- **Required action**
Set down each line of the data exactly, but not the pictures.

- **Records for the task**

*** Block opens ***

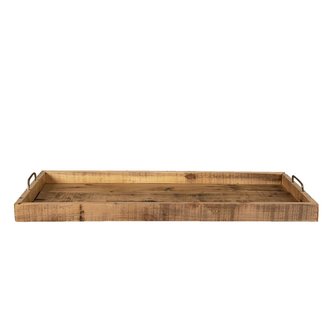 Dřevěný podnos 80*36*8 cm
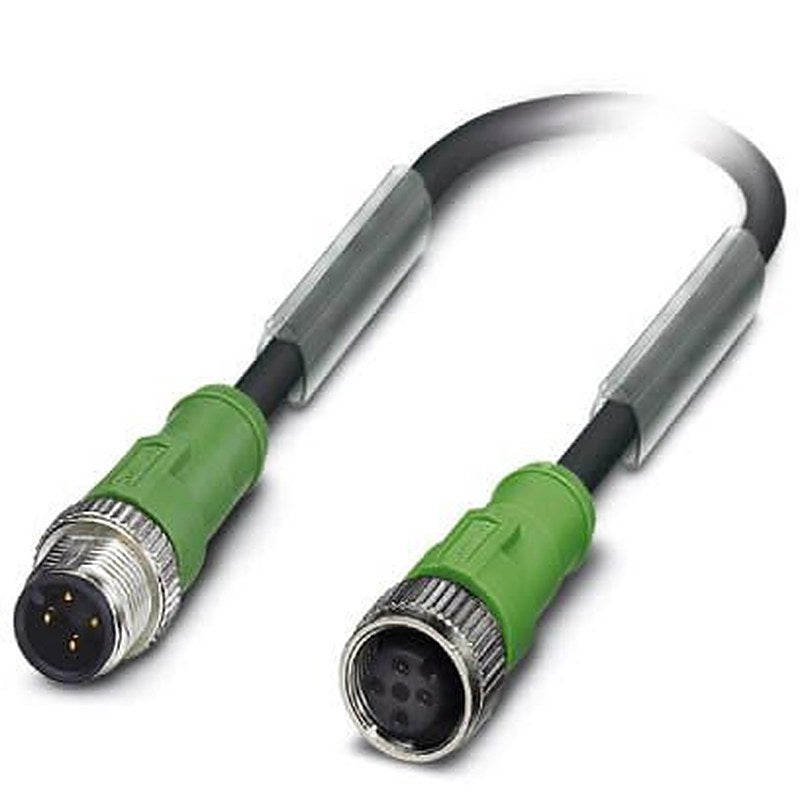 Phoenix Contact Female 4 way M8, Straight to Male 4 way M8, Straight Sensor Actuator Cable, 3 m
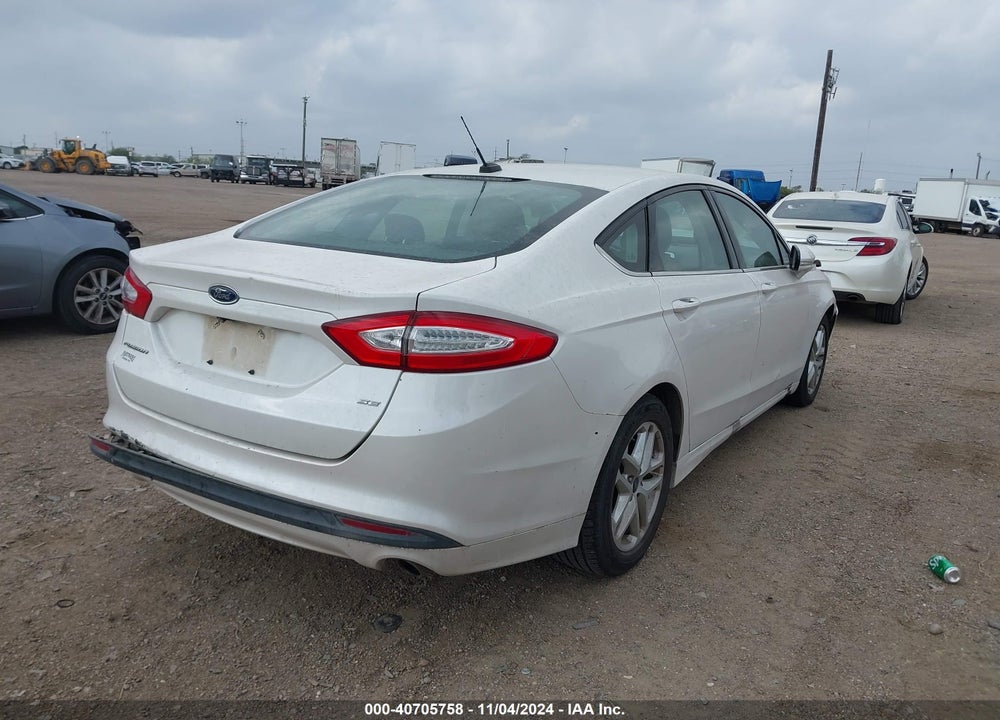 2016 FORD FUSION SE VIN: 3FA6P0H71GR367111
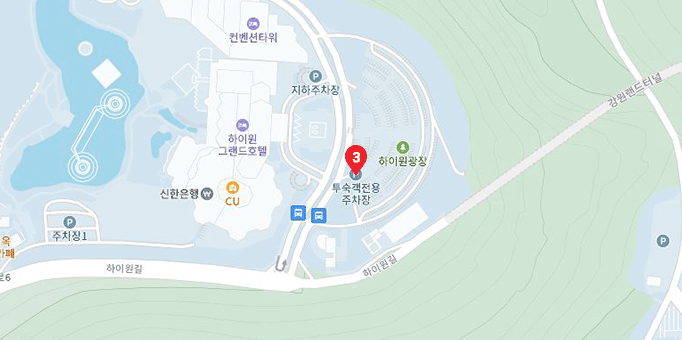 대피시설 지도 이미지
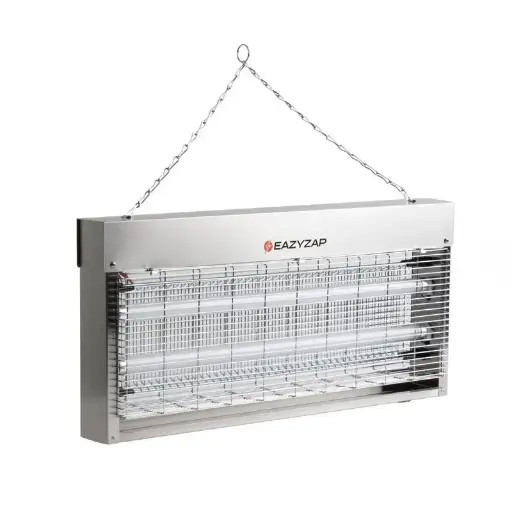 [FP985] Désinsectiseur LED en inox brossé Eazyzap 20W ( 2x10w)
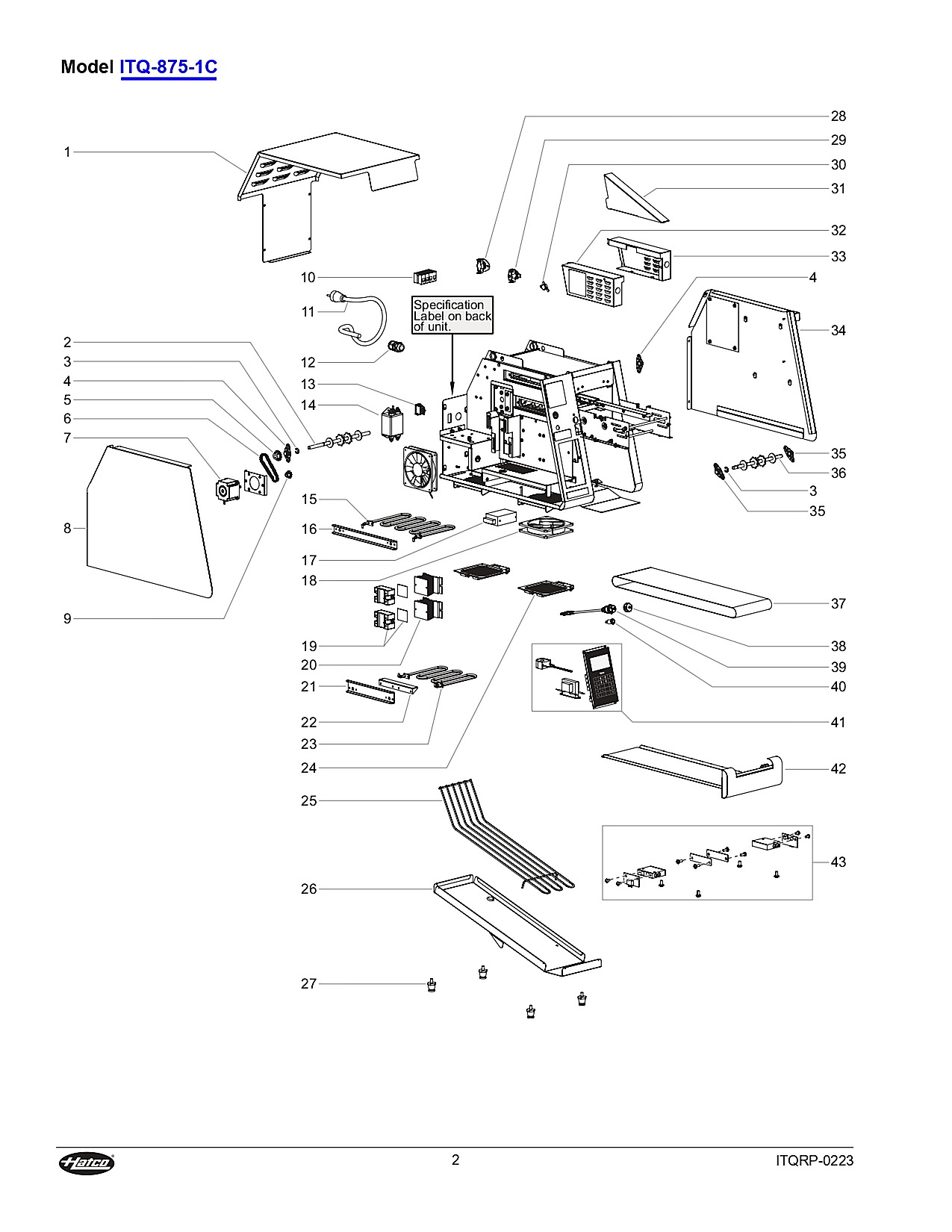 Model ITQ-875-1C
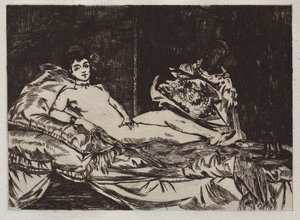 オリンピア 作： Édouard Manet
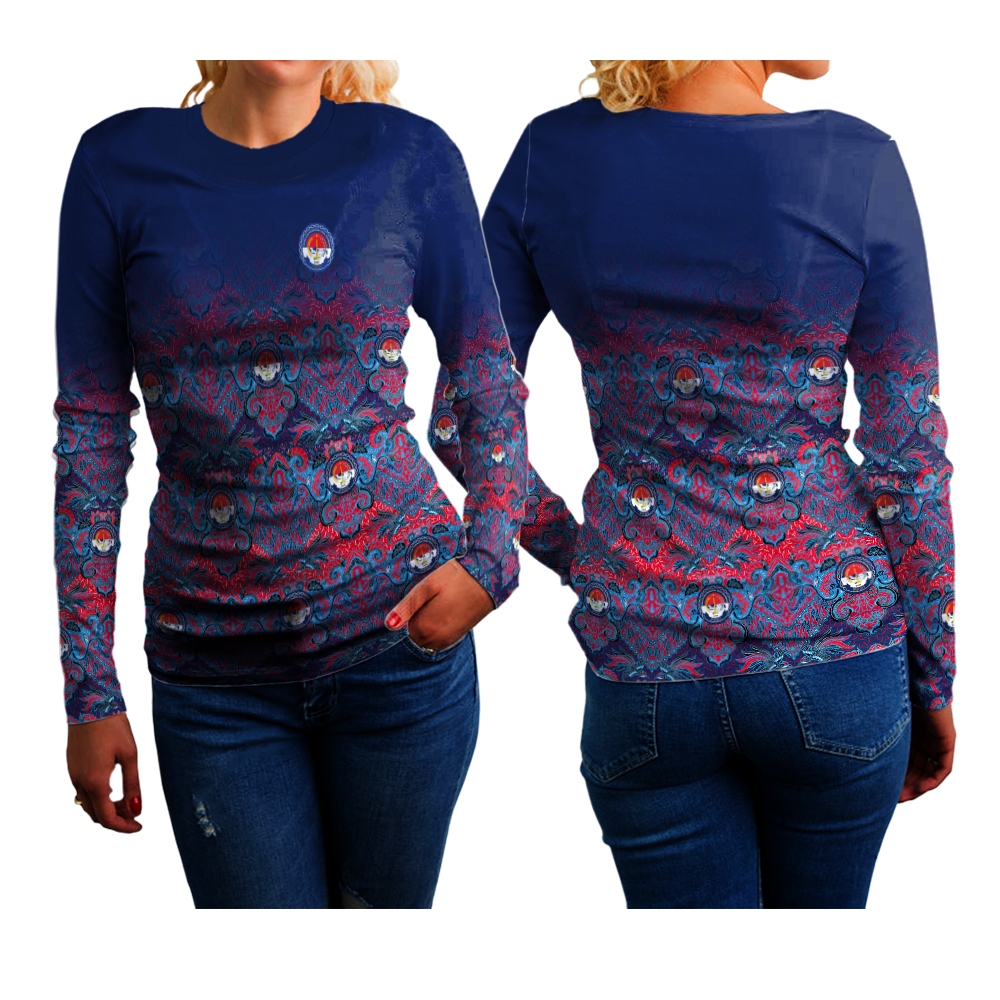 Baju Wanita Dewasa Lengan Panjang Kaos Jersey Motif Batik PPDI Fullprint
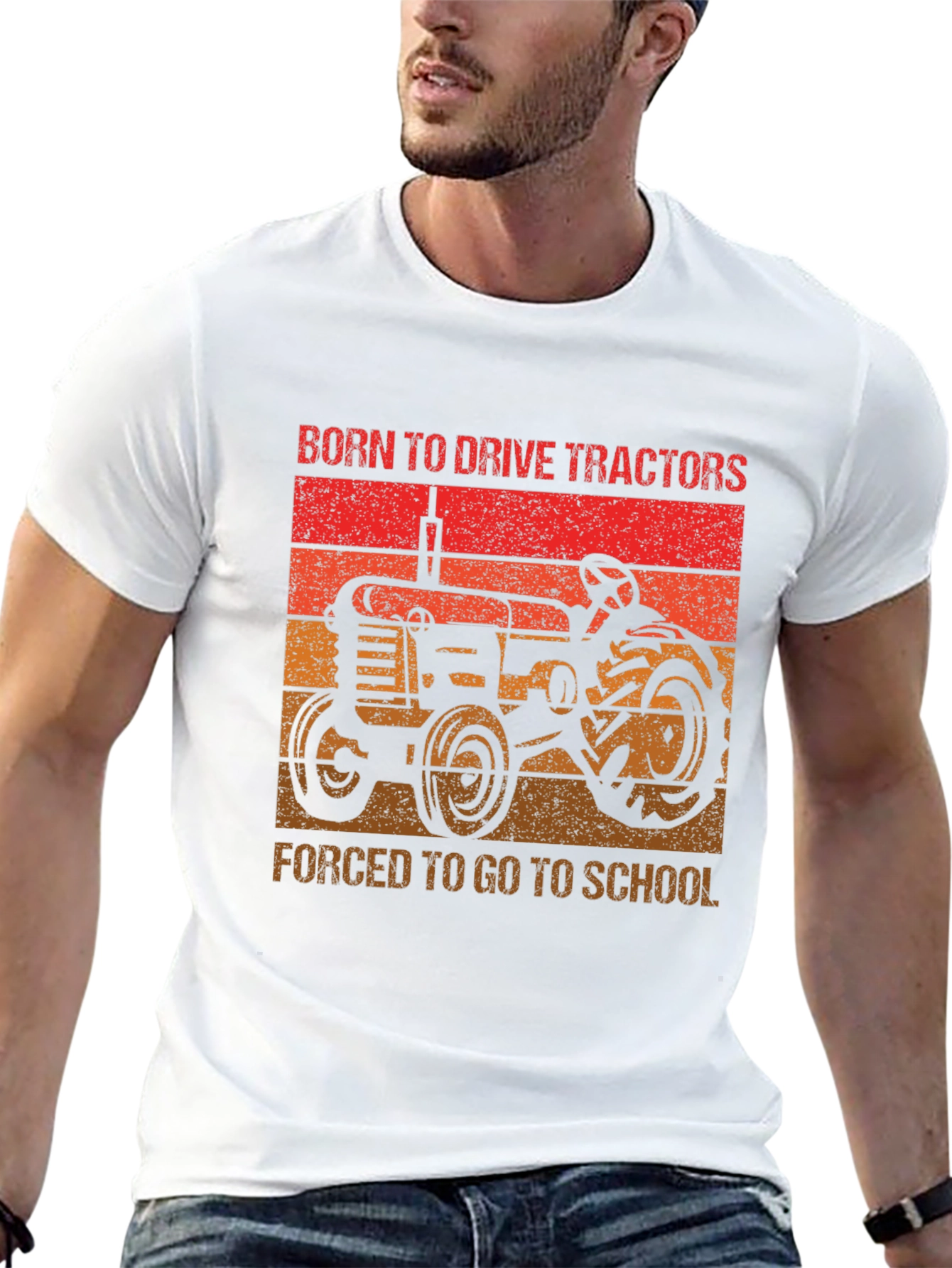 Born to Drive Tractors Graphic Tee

*** Block closes ***

- **Solution to this problem**
 Dřevěný podnos 80*36*8 cm
 Phoenix Contact Female 4 way M8, Straight to Male 4 way M8, Straight Sensor Actuator Cable, 3 m
 2016 FORD FUSION SE VIN: 3FA6P0H71GR367111
 대피시설 지도 이미지
 [FP985] Désinsectiseur LED en inox brossé Eazyzap 20W ( 2x10w)
 Model ITQ-875-1C
 オリンピア 作： Édouard Manet
 Baju Wanita Dewasa Lengan Panjang Kaos Jersey Motif Batik PPDI Fullprint
 Born to Drive Tractors Graphic Tee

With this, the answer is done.